If it will only output what the iPhone will accept then will there be much more current than the 1 A provided by the standard charger?
I know higher current charging is not a good thing from the point of prolonging the lifespan but would you know how much current the Anker will actually provide?
I was also told to try and keep the charge between 50% to 75 or 80%. Apparently, fast charging works most effectively and therefore most "damages" the battery when charging from 0% or "from the bottom".
So maybe if I use the Anker charger within the 50-80% range it's effect will similar to the standard charger? What do you think?
Thanks


----------



## Wizmo (Apr 3, 2011)

*From my experience with extensive client feedback, the fast charging will eventually damage the battery. It will be more drastic the deeper the discharge below about 40%. Stay with the original charger if you value longevity. Go for the fast charge if your time is more valuable...

YMMV 

*


----------



## Masterchiefxx17 (Feb 27, 2010)

AM_SOS said:


> If it will only output what the iPhone will accept then will there be much more current than the 1 A provided by the standard charger?
> I know higher current charging is not a good thing from the point of prolonging the lifespan but would you know how much current the Anker will actually provide?
> I was also told to try and keep the charge between 50% to 75 or 80%. Apparently, fast charging works most effectively and therefore most "damages" the battery when charging from 0% or "from the bottom".
> So maybe if I use the Anker charger within the 50-80% range it's effect will similar to the standard charger? What do you think?
> Thanks



I'm not a fan of fast charging. It harms the battery over time and only used for those who live away from the charger. If you charge your phone every night, it should be fine.

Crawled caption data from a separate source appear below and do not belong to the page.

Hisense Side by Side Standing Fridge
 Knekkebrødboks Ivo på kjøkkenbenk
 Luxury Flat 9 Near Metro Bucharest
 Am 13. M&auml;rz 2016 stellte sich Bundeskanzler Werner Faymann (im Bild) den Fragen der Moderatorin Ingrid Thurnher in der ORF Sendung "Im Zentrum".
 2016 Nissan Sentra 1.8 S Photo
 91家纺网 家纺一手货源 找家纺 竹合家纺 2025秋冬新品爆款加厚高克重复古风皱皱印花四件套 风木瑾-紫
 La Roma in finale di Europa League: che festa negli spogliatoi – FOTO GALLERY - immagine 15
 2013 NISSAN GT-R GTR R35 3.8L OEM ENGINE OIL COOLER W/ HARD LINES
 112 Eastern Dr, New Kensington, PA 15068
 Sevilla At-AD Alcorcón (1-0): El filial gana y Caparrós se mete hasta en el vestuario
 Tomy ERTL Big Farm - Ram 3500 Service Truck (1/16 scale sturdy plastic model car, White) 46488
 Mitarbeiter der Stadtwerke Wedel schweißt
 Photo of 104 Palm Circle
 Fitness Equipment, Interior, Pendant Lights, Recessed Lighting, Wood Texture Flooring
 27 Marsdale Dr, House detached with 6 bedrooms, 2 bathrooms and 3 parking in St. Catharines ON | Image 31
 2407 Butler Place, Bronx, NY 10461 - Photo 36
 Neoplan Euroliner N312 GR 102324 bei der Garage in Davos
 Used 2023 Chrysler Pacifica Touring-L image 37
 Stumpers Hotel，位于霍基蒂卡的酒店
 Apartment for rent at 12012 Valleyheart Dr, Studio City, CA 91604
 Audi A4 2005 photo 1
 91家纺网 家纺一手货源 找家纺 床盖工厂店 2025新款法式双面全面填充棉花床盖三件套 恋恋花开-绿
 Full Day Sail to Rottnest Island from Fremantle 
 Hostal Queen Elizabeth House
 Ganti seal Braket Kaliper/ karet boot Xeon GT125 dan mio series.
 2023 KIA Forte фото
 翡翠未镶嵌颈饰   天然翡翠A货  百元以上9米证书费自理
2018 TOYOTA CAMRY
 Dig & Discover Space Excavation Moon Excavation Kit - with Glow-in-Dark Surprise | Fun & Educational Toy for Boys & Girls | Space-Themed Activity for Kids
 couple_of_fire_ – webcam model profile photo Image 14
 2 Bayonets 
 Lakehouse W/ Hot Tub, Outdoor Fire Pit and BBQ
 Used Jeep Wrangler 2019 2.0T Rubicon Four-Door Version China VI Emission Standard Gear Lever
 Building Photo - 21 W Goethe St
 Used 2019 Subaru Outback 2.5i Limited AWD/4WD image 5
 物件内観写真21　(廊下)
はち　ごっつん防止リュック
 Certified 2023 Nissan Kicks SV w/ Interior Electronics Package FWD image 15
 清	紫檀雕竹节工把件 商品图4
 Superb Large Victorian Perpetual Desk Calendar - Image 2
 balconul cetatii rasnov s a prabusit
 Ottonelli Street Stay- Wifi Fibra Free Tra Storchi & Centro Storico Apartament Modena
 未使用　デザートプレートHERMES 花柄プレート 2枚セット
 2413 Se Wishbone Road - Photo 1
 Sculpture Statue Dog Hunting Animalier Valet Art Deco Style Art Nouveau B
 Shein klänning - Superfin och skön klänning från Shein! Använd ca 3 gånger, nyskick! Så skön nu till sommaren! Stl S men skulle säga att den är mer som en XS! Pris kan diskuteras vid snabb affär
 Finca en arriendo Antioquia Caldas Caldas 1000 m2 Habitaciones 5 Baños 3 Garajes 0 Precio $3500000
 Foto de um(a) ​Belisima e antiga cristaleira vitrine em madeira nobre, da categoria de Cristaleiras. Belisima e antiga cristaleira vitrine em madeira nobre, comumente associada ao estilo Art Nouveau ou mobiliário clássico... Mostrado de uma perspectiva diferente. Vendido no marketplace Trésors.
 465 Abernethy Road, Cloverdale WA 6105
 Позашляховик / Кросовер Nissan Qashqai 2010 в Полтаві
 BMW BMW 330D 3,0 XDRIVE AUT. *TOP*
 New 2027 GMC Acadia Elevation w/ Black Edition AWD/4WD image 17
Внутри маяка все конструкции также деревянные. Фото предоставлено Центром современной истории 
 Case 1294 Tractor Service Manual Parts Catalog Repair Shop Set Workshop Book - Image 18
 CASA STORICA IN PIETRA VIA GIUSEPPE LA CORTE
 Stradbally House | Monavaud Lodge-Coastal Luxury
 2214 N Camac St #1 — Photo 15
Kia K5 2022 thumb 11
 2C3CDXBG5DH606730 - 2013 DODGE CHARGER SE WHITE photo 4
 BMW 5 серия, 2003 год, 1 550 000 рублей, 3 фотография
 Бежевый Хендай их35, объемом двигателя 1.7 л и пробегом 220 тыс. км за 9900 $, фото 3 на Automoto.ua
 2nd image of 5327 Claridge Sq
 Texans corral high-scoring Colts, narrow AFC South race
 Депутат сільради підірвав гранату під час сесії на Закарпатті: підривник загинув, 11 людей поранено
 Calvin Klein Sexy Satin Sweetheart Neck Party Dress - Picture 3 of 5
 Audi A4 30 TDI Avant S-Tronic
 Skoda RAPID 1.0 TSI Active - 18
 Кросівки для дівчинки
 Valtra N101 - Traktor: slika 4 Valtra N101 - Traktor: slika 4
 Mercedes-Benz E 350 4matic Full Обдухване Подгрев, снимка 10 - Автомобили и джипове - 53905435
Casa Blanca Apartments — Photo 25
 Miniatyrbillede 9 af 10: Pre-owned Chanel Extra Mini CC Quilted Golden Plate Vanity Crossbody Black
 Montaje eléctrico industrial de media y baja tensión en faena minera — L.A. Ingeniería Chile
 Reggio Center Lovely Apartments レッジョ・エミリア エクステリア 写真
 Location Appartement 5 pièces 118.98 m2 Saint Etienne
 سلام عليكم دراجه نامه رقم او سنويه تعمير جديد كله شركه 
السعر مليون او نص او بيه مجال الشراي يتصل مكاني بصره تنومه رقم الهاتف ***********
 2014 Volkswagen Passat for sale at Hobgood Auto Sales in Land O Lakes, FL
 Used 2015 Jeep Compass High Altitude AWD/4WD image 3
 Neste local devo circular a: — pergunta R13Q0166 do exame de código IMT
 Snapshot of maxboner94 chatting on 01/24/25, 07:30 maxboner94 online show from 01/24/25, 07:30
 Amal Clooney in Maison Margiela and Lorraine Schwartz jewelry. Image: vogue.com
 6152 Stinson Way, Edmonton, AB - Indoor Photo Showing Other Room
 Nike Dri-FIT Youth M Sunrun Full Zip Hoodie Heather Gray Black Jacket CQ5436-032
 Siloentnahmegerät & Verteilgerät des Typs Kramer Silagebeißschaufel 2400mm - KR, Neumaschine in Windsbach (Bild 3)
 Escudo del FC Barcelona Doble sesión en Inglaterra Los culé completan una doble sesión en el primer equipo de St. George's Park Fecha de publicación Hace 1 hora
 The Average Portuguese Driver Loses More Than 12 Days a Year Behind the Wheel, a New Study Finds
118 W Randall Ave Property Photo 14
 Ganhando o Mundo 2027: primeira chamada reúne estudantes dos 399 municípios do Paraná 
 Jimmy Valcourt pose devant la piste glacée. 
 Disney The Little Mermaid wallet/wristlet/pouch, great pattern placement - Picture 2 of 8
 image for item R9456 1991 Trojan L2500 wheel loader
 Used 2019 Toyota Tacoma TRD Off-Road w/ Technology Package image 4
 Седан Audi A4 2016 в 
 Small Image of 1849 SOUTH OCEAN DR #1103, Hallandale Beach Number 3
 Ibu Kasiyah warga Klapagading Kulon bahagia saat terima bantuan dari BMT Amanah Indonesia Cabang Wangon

The Anker is going to only output what the iPhone will draw, it won't force the electrons into the battery unless requested.


A smartphone charges much faster until it hits around 80 percent. After it hits 80 percent, the electrons have a tougher time to fill in the battery. It's like blowing up a balloon. Once the balloon begins to fill up with air, it gets harder to fill it.


----------